Both papers have been subject to heated discussion. Industry has voiced concerns over the Commission's plans to apply the criteria to both biocidal actives and non-active substances (co-formulants) in pending product authorisation applications.
Law firm Steptoe and Johnson flagged up potential legal issues with the proposal too, calling it an "overreach" that goes beyond the BPR's remit.
And Echa has said that information on co-formulants is limited and that will create problems in the assessment, for example, data ownership disputes with substance suppliers.
The agency has also expressed concern that active substance evaluations will face delays from the criteria's implementation. It said gathering additional data needed to assess substances for ED properties could add months, or years, to an assessment.

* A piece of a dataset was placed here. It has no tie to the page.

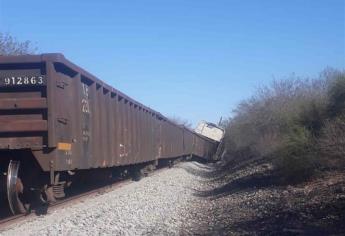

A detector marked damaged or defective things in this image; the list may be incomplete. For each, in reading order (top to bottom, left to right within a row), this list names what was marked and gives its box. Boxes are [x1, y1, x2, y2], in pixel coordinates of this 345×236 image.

It asked the CAs last week to clarify when the criteria would affect active substances that have already been assessed by Echa's Biocidal Products Committee (BPC). The agency wants to avoid BPC Opinions being sent back to the committee to be checked for ED properties retrospectively.
Echa says it will reject a substance evaluation by an evaluating CA, if it does not contain an assessment for ED properties, from the date the criteria apply.
The Commission asked Echa to discuss these situations with the relevant CAs directly.
Meanwhile, Echa and the European Food Safety Authority (Efsa) have confirmed they intend to publish draft guidance on the EDC criteria in early December.
The team with responsibility for the guidance gave a status update to last week's meeting of the Competent Authorities for REACH and CLP (Caracal).
It is processing more than 1,800 comments received during the second consultation on the matter, which involved member state competent authorities, industry and "public interest stakeholder organisations".
Echa told the CAs last week that it expects to revise the paper by March 2018, and publish the final guidance in May 2018.